--- TASK DATA Enclosed Below ---

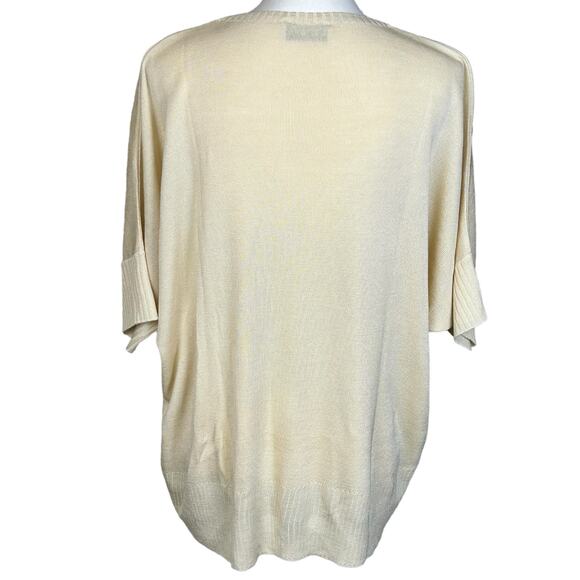 GISPA Light Sweater Women Size 14 Yellow Italian Made Knit Dolman Minimalist Top - Picture 2 of 11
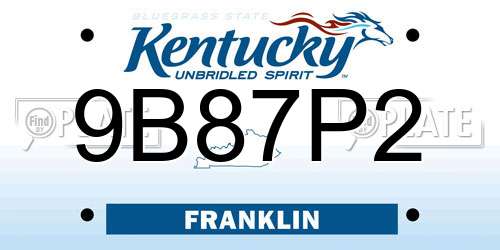 9B87P2 Kentucky License Plate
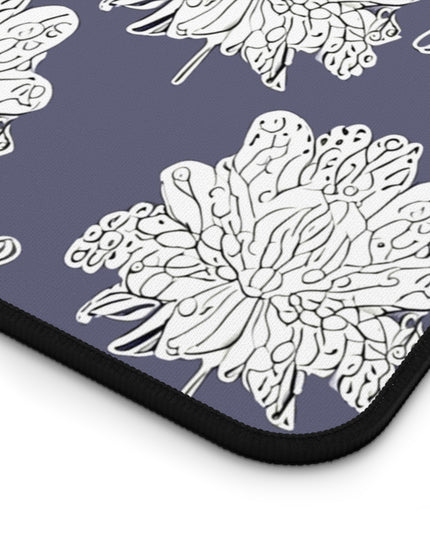 White Floral Butterflies 12" x 22" Desk Mat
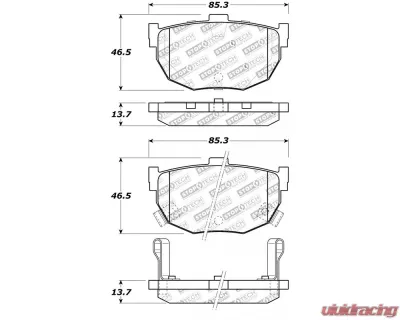 StopTech Brake Pads - Performance for Honda Civic 2016-2021, Front, Red, 308.0323 - 308.03230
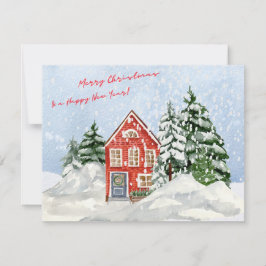 Watercolor God jul Mysigt House under Snö Julkort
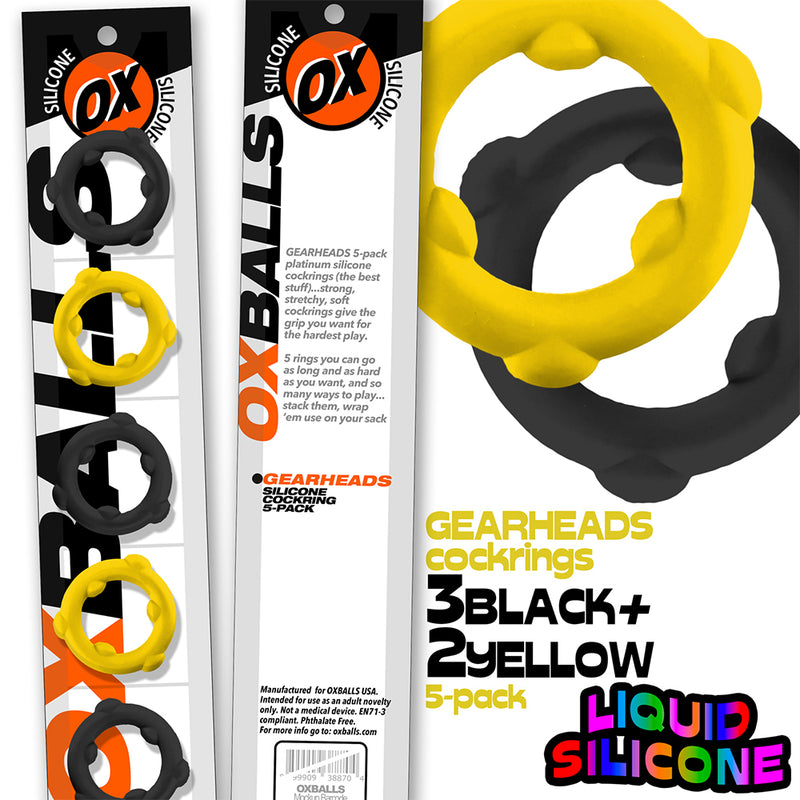 Oxballs - Gearheads - Zestaw Pierścieni Na Penisa Spinner - 5 Sztuk - Żółty/Czarny-Erotiekvoordeel.nl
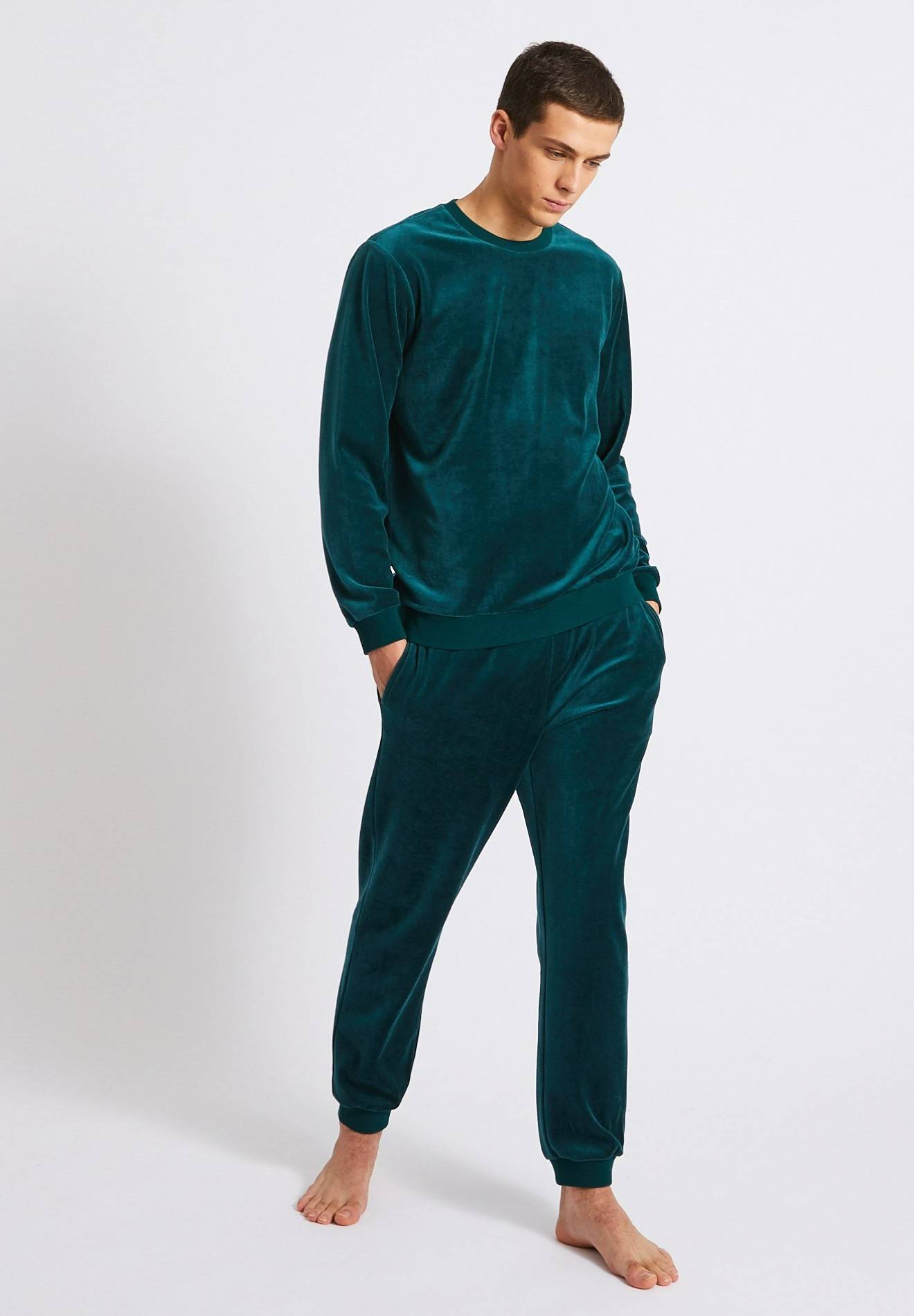 Ensemble de pyjama en velours, Vert fonc&eacute;, large image number 3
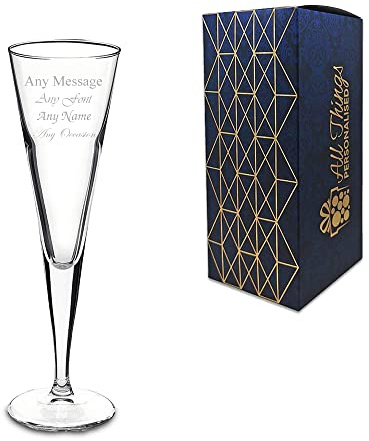 Personalised Engraved 160ml Ypsilon Champagne Flute, Gift Boxed, Perfect for Any Prosecco Lover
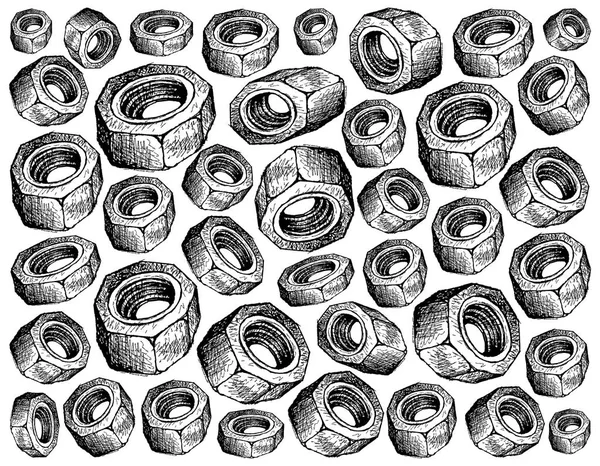 İmalat ve sanayi, Hex Nuts illüstrasyon elle çizilmiş kroki duvar kağıdı arka plan. İle birlikte parçaları tutturmak için bir çiftleşme cıvata ile birlikte kullanılan vida dişli delik zımba.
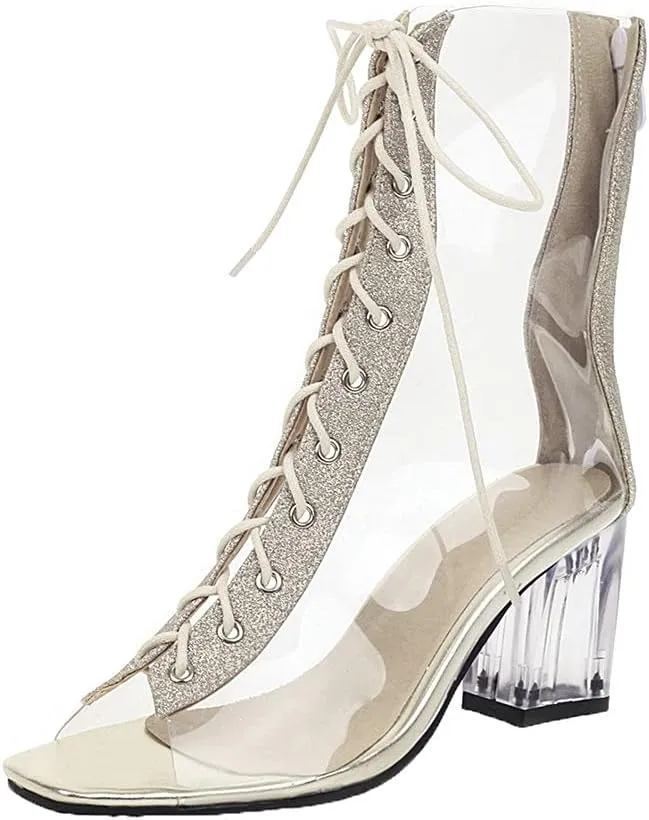 Shinelly Women Clear Transparent Lace Up Peep Toe Ankle Bootie Block Heel Open Toe Summer Boots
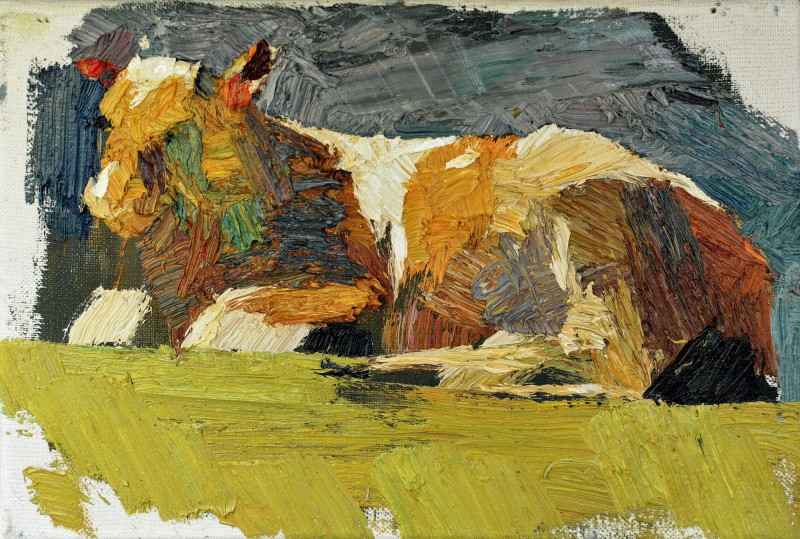"Studiu. Văcuță" by Carolina Leagul, 2015, 200x300mm, ulei pe pânză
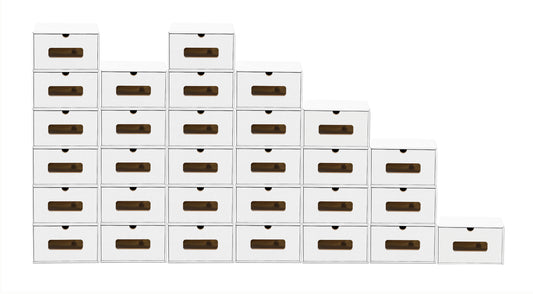 30x Schuhaufbewahrung WEISS mit Sichtfenster Aufbewahrungsbox Stapelbar Storage Box Schuhbox Schuhkarton Schuhschachtel Allzweckbox Schublade Pappe aus Kraftpapier 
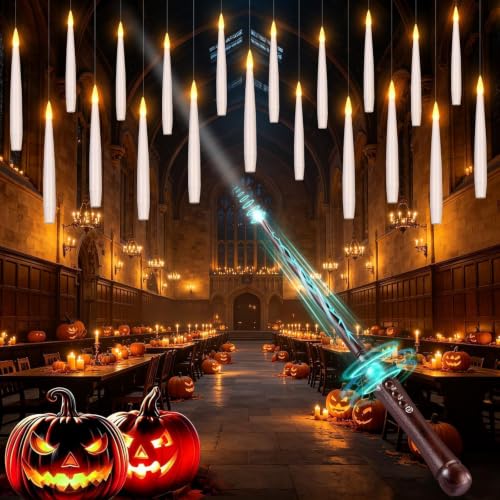 Upgraded 20Pcs Floating Candles with Wand for Halloween Decorations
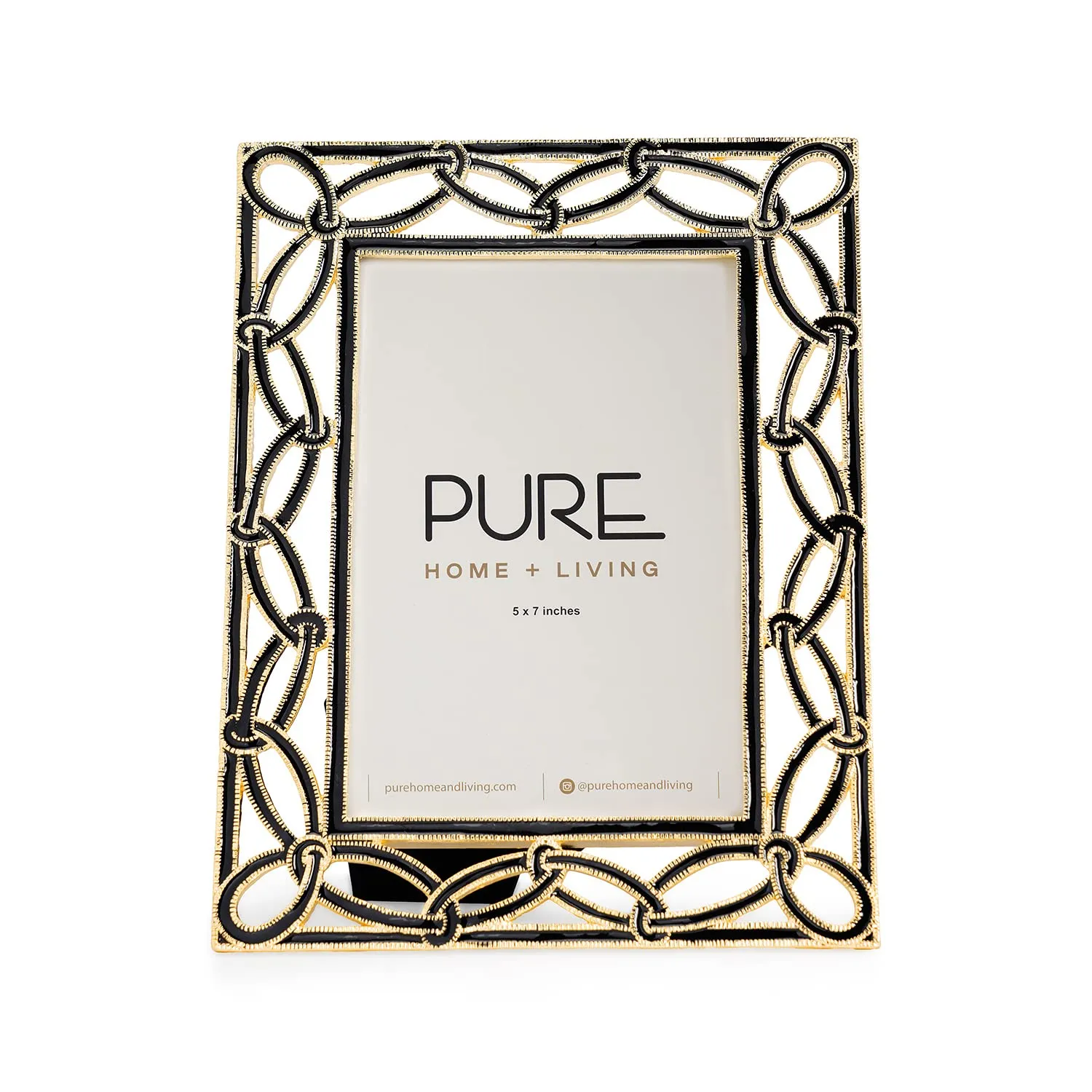 Pure Home and Living Black & Gold Entangled Metal Photo Frame 5 X 7 Inches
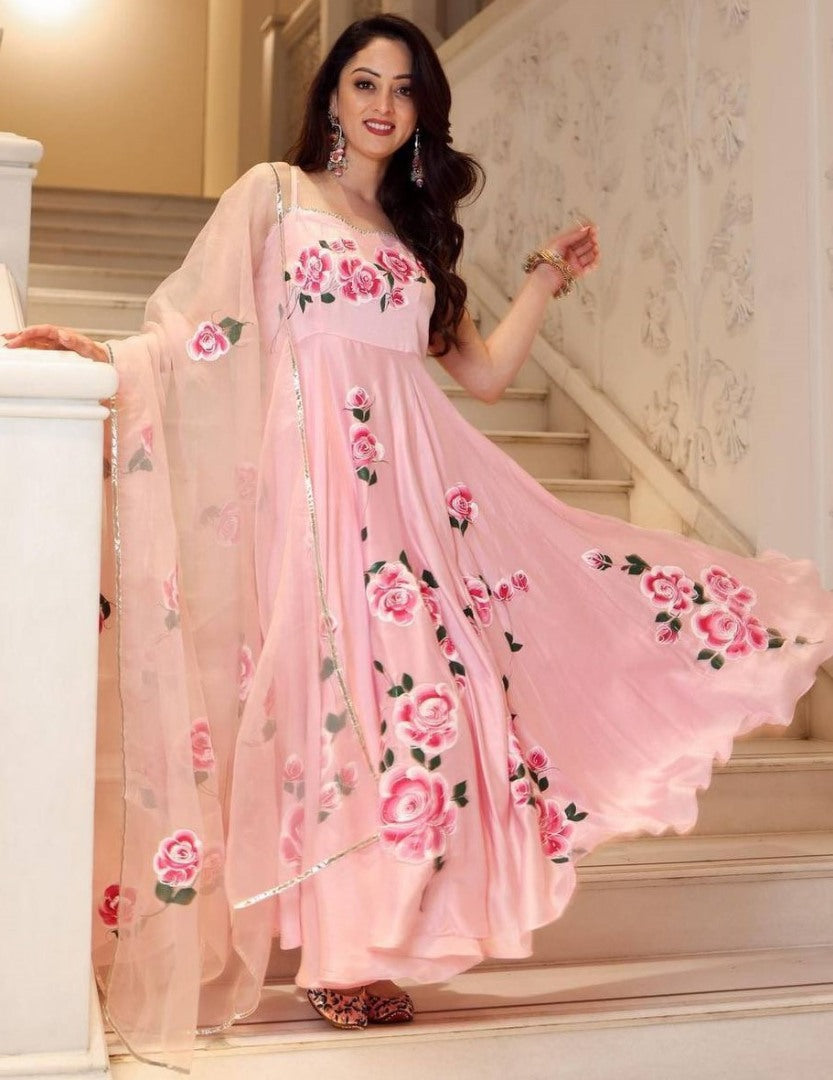 Peach butter silk floral printed ethnic gown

--- End of Enclosed TASK DATA ---

Every line from the one containing "Pure Home and" through the final line of the records above is to be written out exactly; nothing else, and no pictures.

▸ **REPLY TO THE EXERCISE**
 Pure Home and Living Black & Gold Entangled Metal Photo Frame 5 X 7 Inches
 Peach butter silk floral printed ethnic gown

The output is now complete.